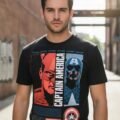 Playera Máscara De Látex Marvel Captain America Hombre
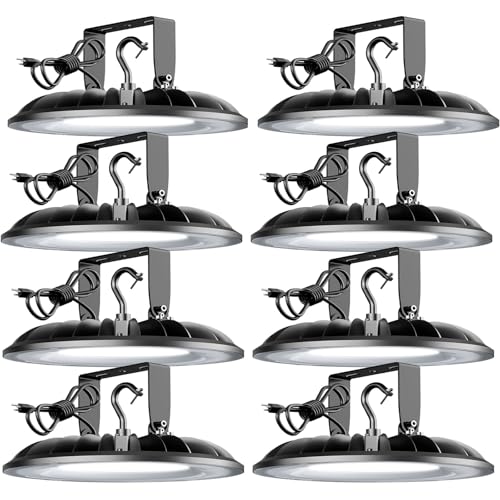 JC-LGL UFO LED High Bay Light 200W, 22000Lm UL Listed, with Hook and U Bracket, IP65 Commercial Plug & Play Lighting for Warehouse Factory Barn Shop, 8 Pack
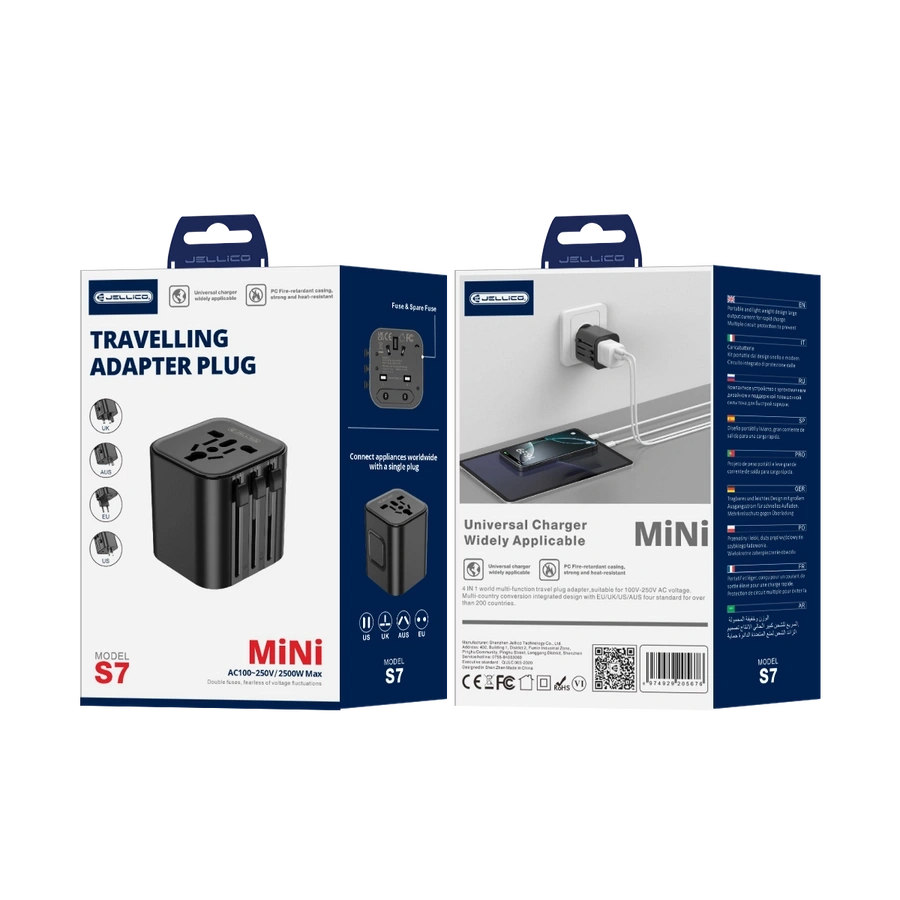 JELLICO universāls ceļojumu adapteris S7 Max 2500W melns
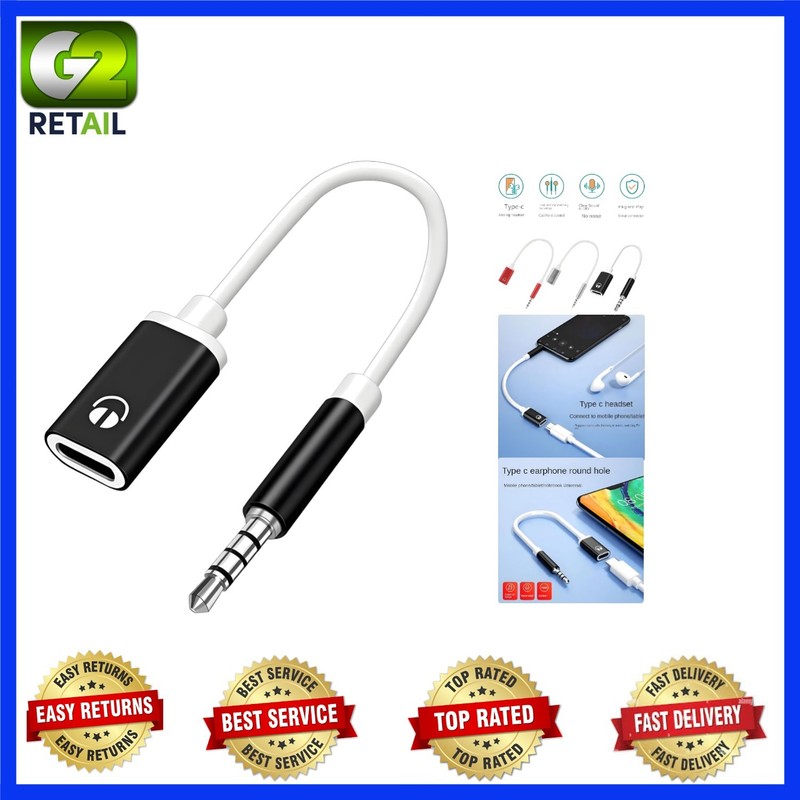 Compact USB-C Audio Adapter – 3.5mm Male to Type-C for Easy Connectivity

★ ★ ★ ★

Task item:
Could you set down, exactly as written, every line from the one with "JC-LGL UFO LED" to the end of the data, both ends included? Leave out the pictures.

Answer to the problem:
 JC-LGL UFO LED High Bay Light 200W, 22000Lm UL Listed, with Hook and U Bracket, IP65 Commercial Plug & Play Lighting for Warehouse Factory Barn Shop, 8 Pack
 JELLICO universāls ceļojumu adapteris S7 Max 2500W melns
 Compact USB-C Audio Adapter – 3.5mm Male to Type-C for Easy Connectivity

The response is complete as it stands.